ドラムとベースだけでここまで表現し尽くすとやり切った感もあったのかもしれない、2002年の本作をもってベーシストは脱退、その後はサンプラーを使った吉田達也一人のプロジェクト、ルインズアローン等派生的な動きが増える。本作は音の質感もクリアでルインズの混沌とした世界観は後退、一方で現代音楽的な趣向やポップな一面も見える。

Wanzhemverggは短いフレーズの塊を幾重にも繋げたRuinsらしいハードな即面とその一方で中盤以降はシーンを変えてシンプルなブレイクビーツがアンビエントスケープに広がる絵画的な世界が折り重なっている。このアンビエントスケープは秀逸でベースラインはやはり短いフレーズだがとても美しい。

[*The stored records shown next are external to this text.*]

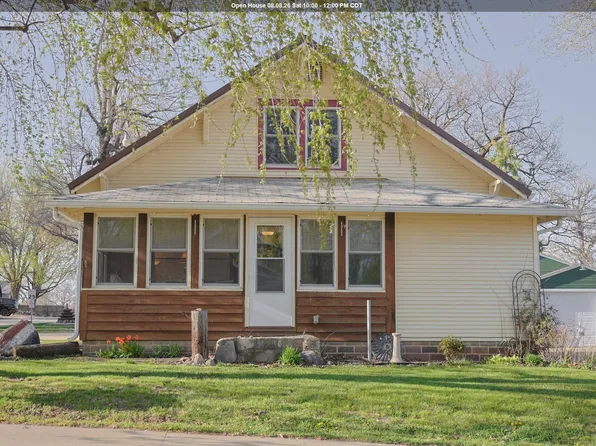 172 Iowa St, Arnolds Park, IA 51331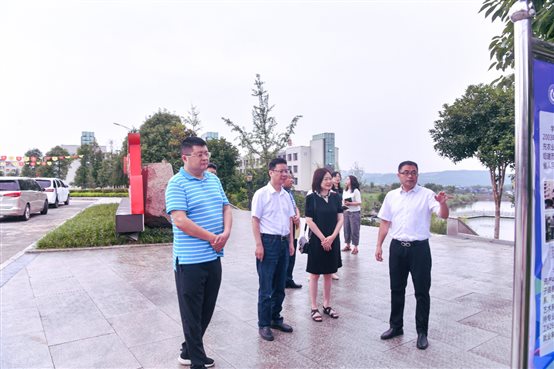 西华大学马克思主义学院党委书记万远英一行来院考察交流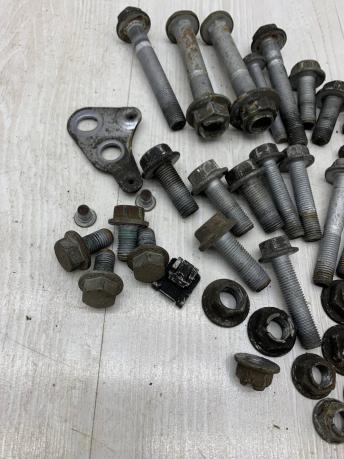 Болты подвески переднего моста Mercedes W166 A1663312040
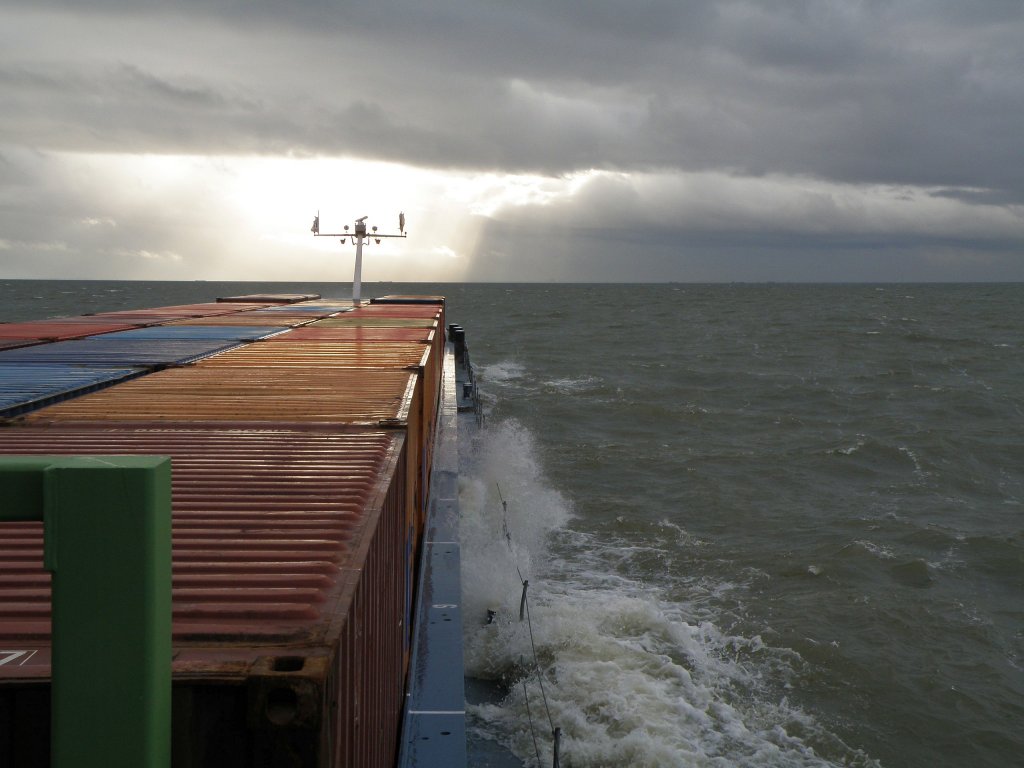 MS  Hyperion  fhrt  ber  ds  Ijsselmeer .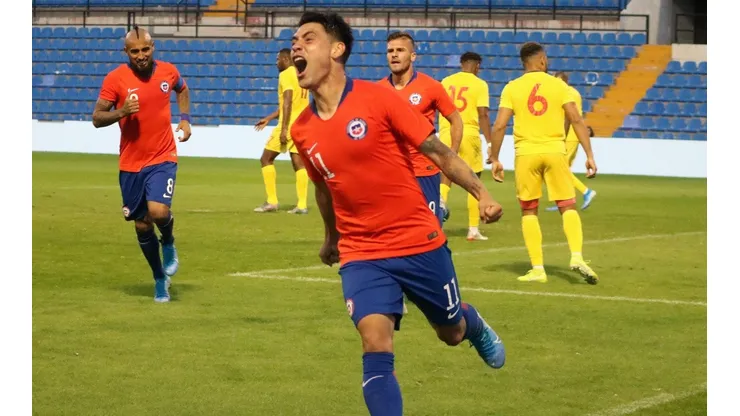 Felipe Mora festeja su gol ante Guinea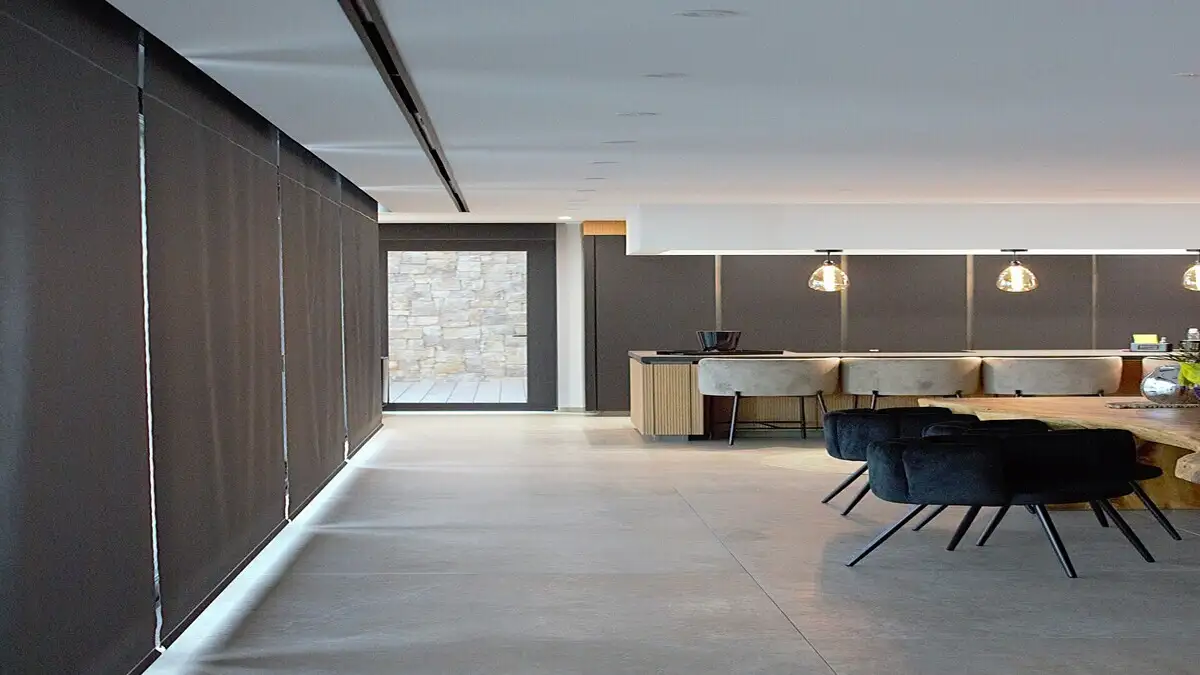 Menuisier local à Six-Fours et Toulon : suivi personnalisé et pose sans sous-traitance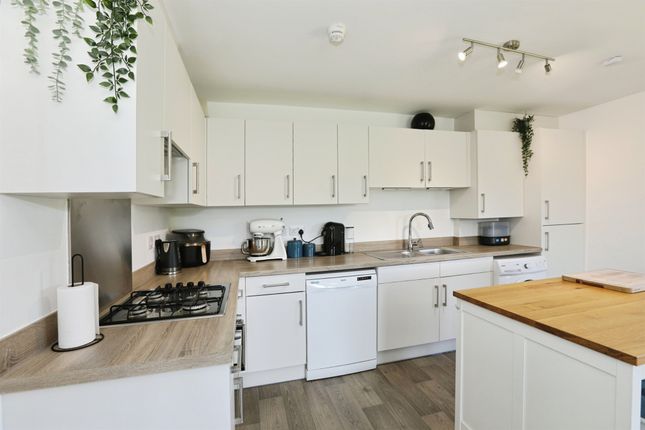 79, Icarus Avenue, Burgess Hill photo 4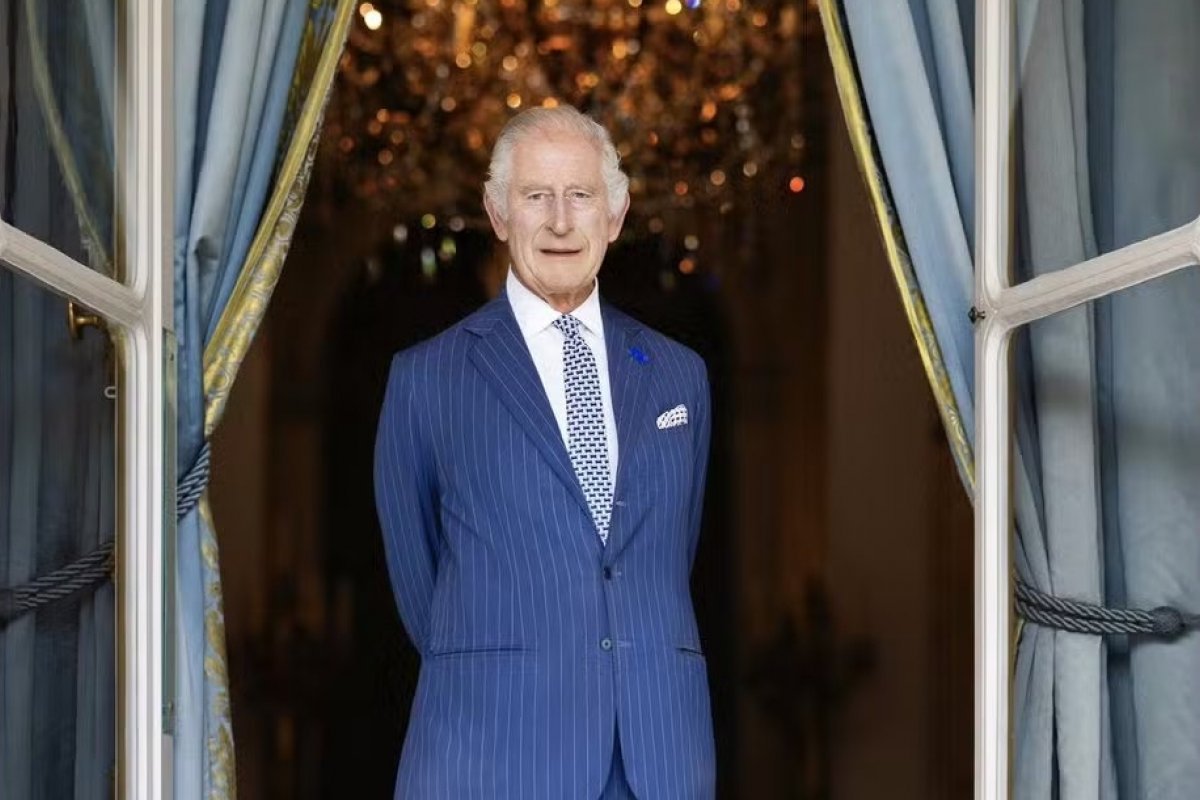 Rei Charles III se diz “muito orgulhoso” de Kate por coragem 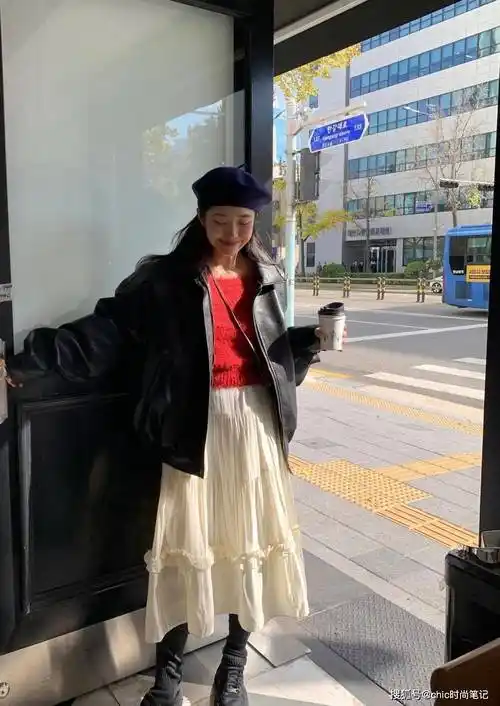 韩式穿搭风向标来袭,花式裙装百搭俏皮,这样穿有韩剧氛围感了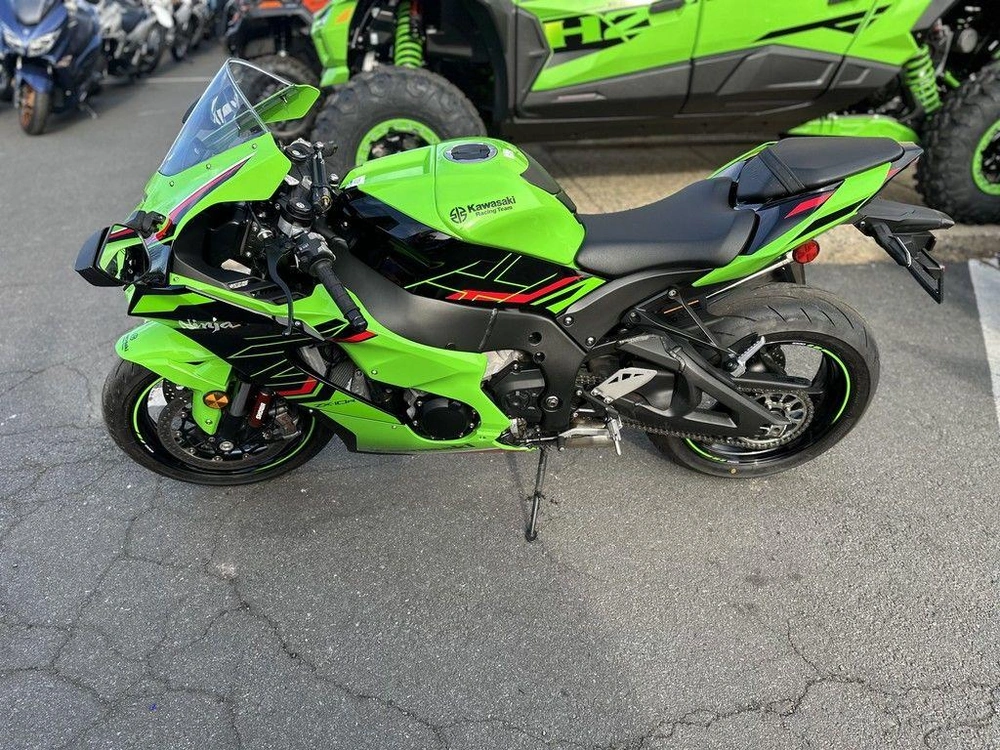 2023 Kawasaki Ninja® Zx™-10r Krt Edition alt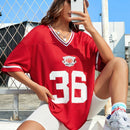 Camiseta Roja Con Cuello En V Y Estampado De Peine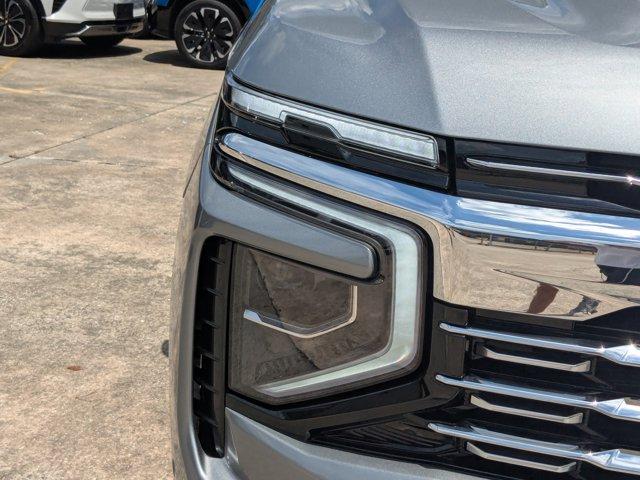 2025 Chevrolet Suburban Vehicle Photo in BRUNSWICK, GA 31525-1881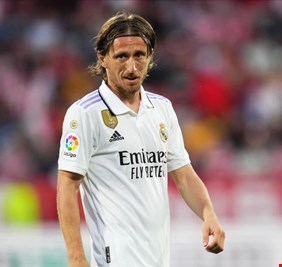 لوكا مودريتش... بين البقاء والرحيل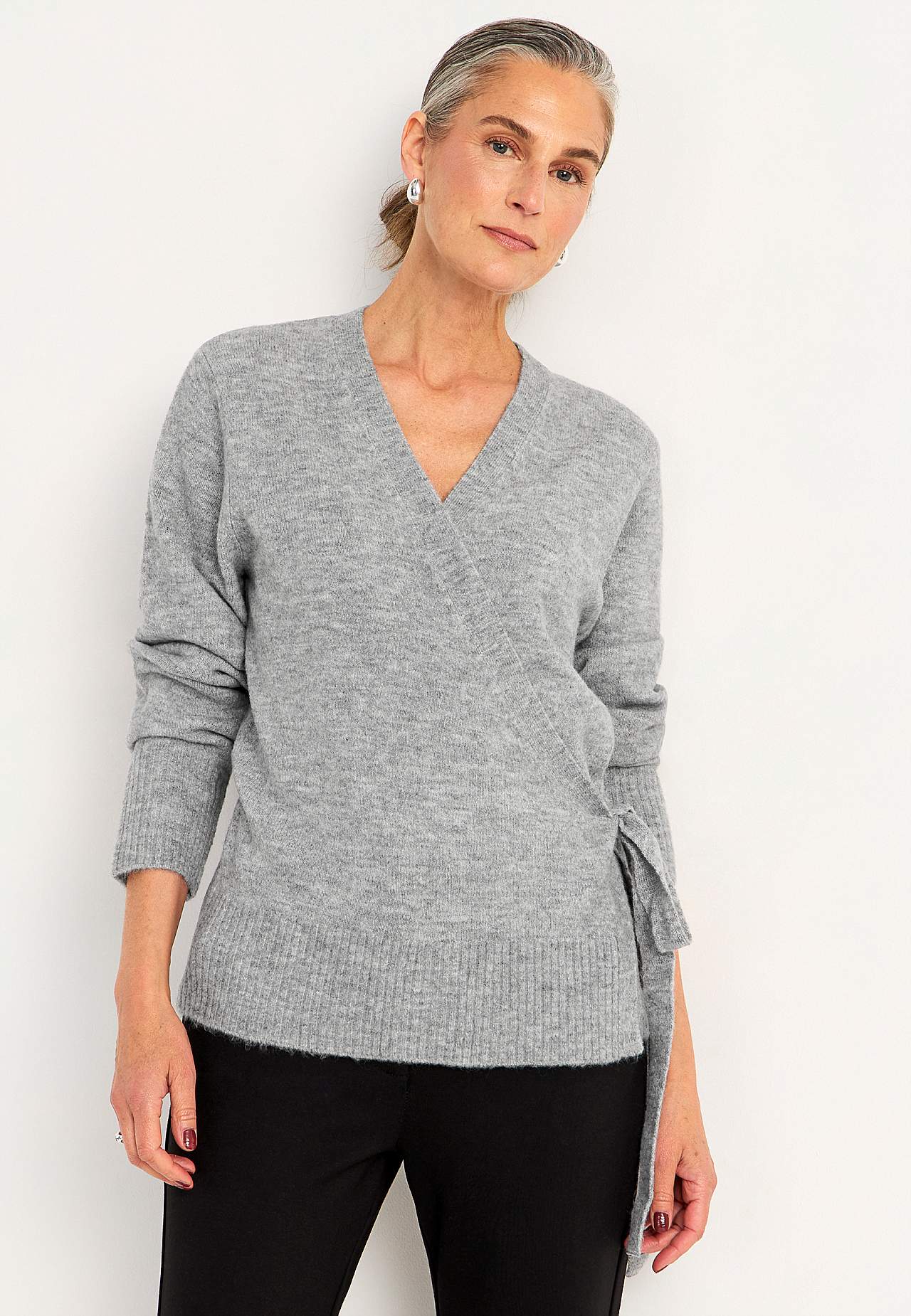 Stickad cardigan med omlottdesign
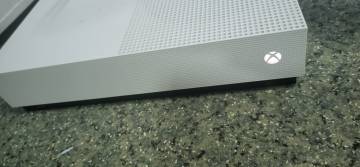 01-200306512: Microsoft xbox one s 1tb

Zajyuは初期ルインズのハードコアな即面も思わせる重たいフレーズを積み重ねている。フリーインプロビゼーションとフレーズの組み合わせの中に訪れるブレイクと無音がとても効果的な緊張感をもたらす。

続くIssighridohは、別ユニット、高円寺百景ややはりゴングを連想する。本作は多重録音が施されているがそれでもこれをドラムとベースを軸に作り上げているその世界観自体が圧倒的だ。この緊張感をアルバム単位で表現しつくす精神力は本当に素晴らしいと思う。